→ Exercise goal
Take the line containing "Solved: EXPORT IGS" through the last line of the data and retype those lines exactly. Pictures do not belong in the copy.

→ Material provided
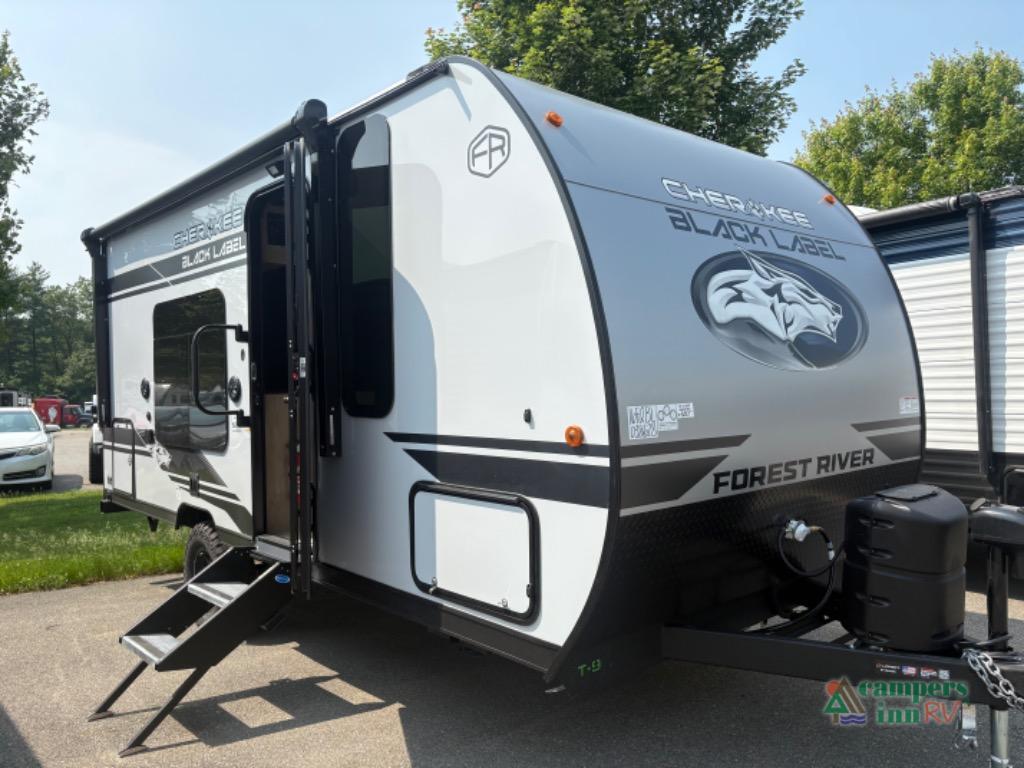 Forest River Cherokee 16FQWBL RVs For Sale near Long Beach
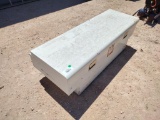 Pickup Tool Box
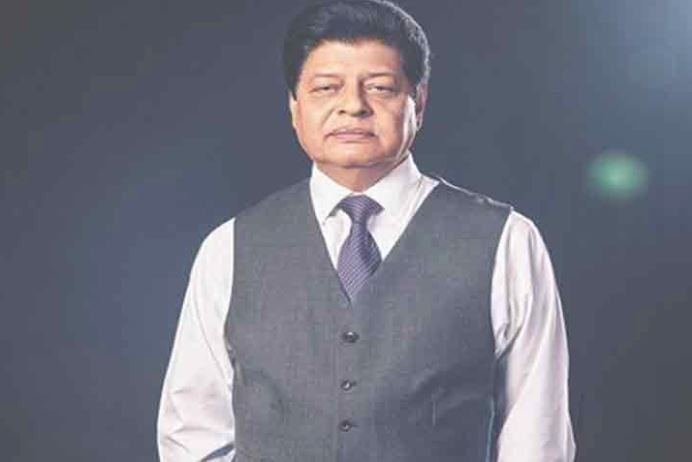 নায়ক ফারুকের আসন শূন্য ঘোষণা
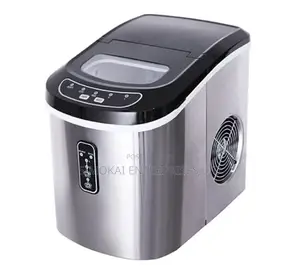 Hzb-12sa Portable Bullet Mini Ice Maker Machine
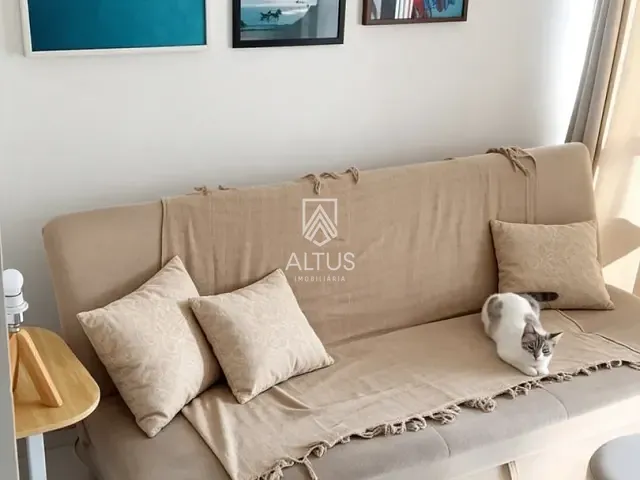 Flat à venda, no bairro Barra em Salvador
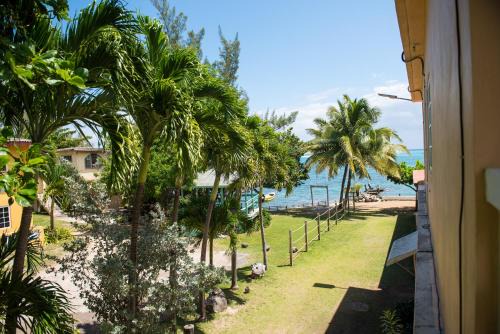 Priory Apartamento | Hunny Bay Resort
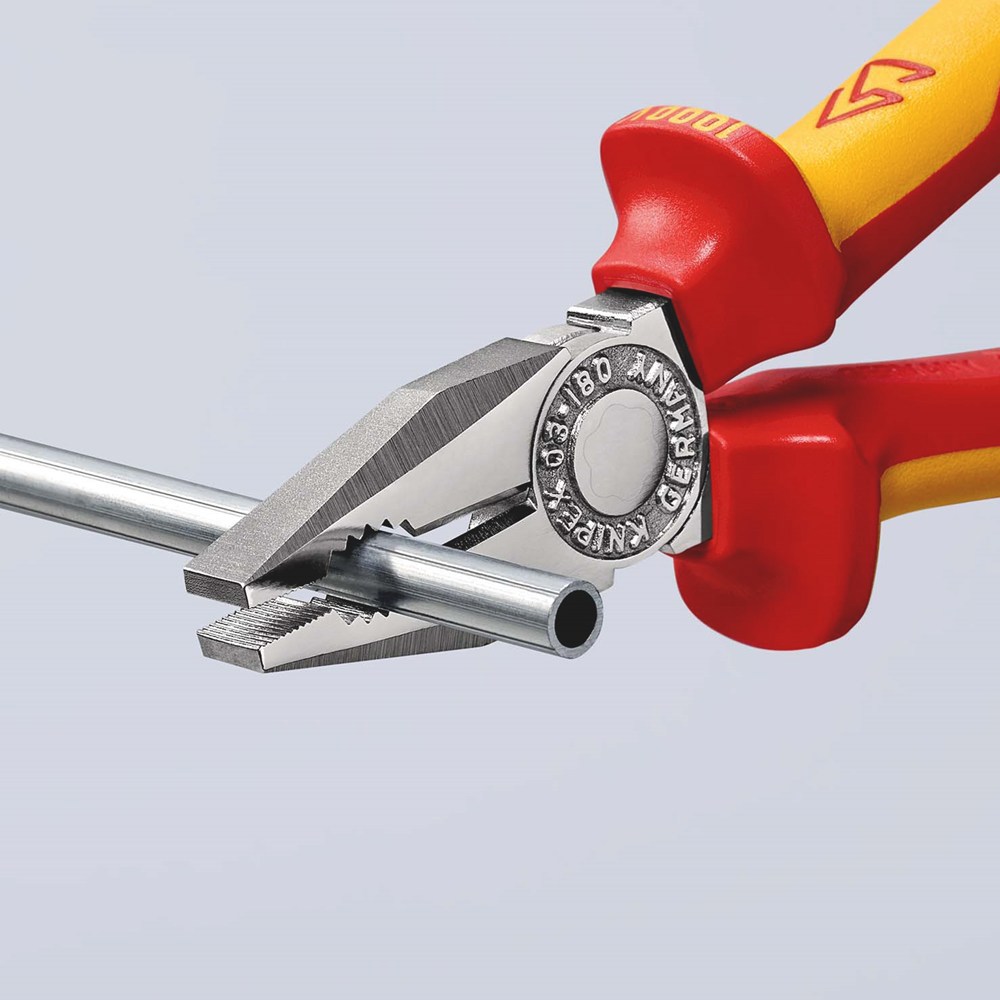 combinatietang knipex-9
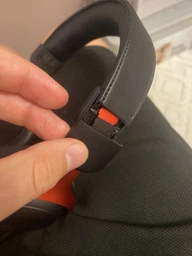 Навушники GamePro Asgard Freya Pro Wireless&nbsp;7.1 (HSW201B) 4-Mode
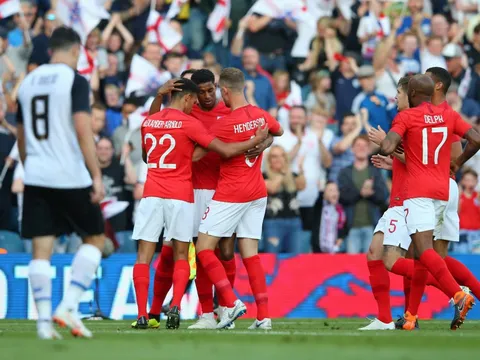 3 đội bóng ở Ngoại hạng Anh ngỏ ý muốn có Marcus Rashford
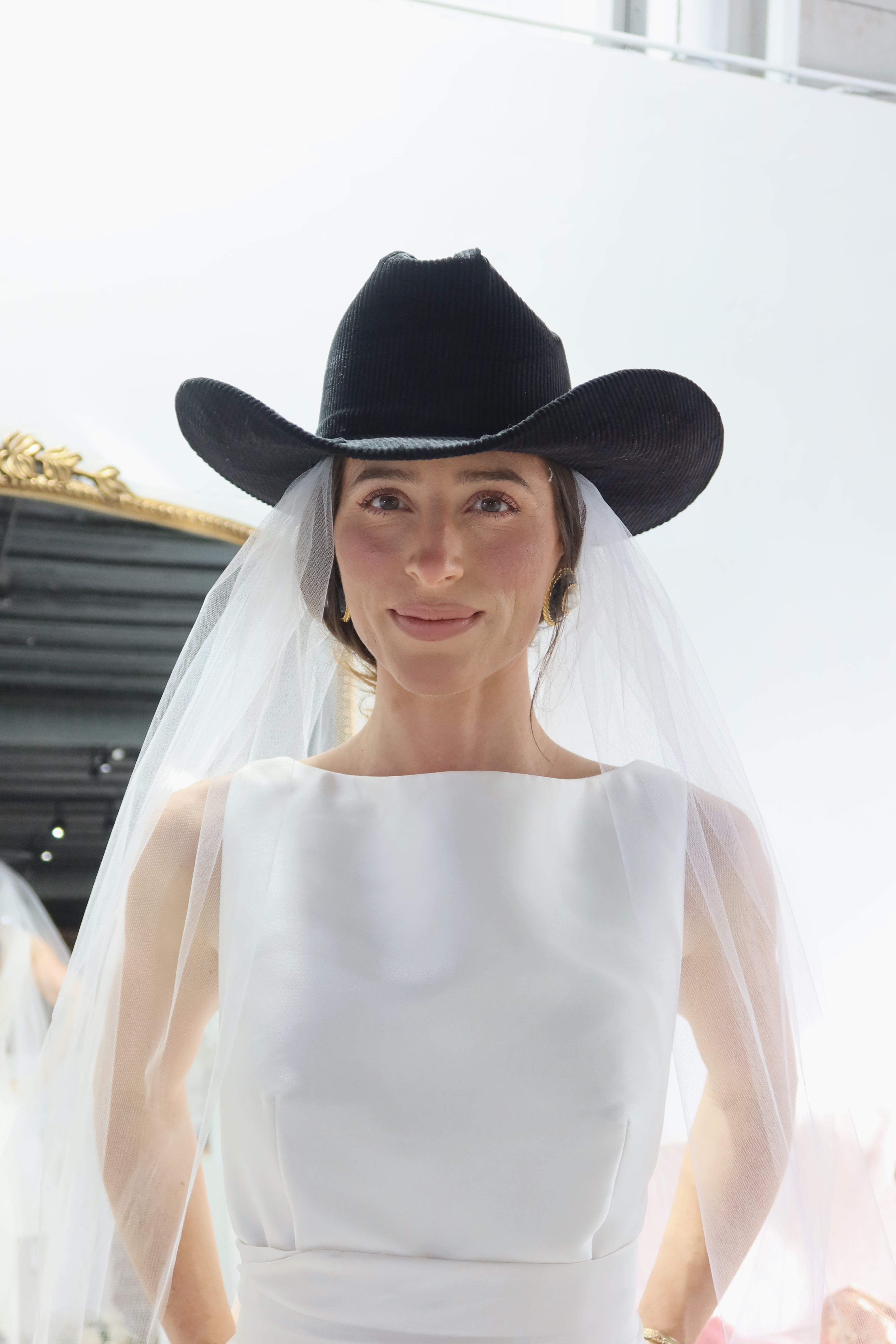 Mojave Black - Zandria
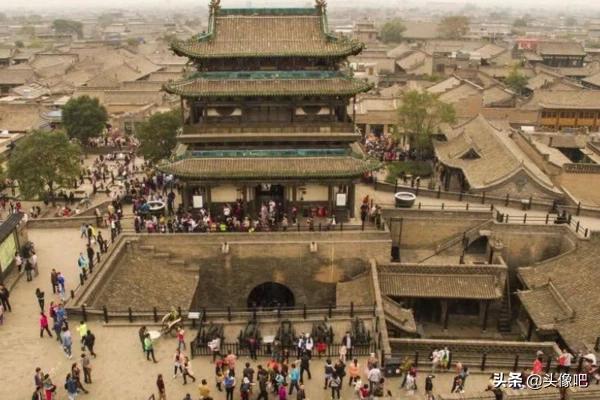 山西一日旅游景点大全， 山西一日旅游景点大全排名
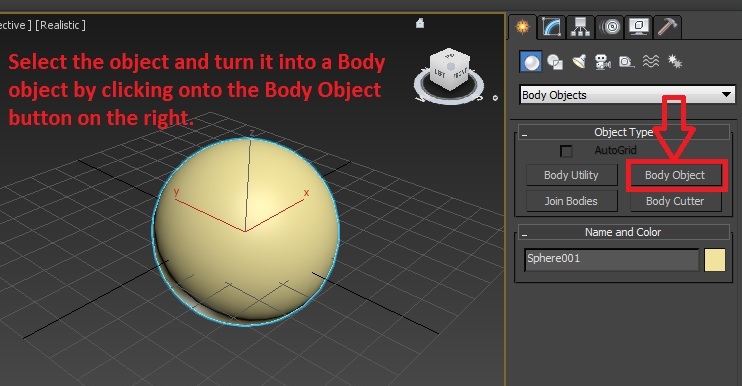 Solved: EXPORT IGS - Autodesk Community - 3ds Max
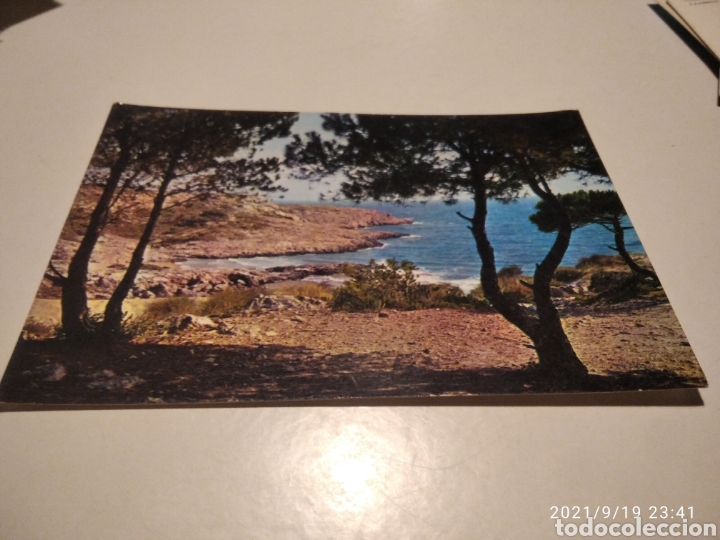 Postales: Postal Salou - Foto 1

→ Response box
 Solved: EXPORT IGS - Autodesk Community - 3ds Max
 Postales: Postal Salou - Foto 1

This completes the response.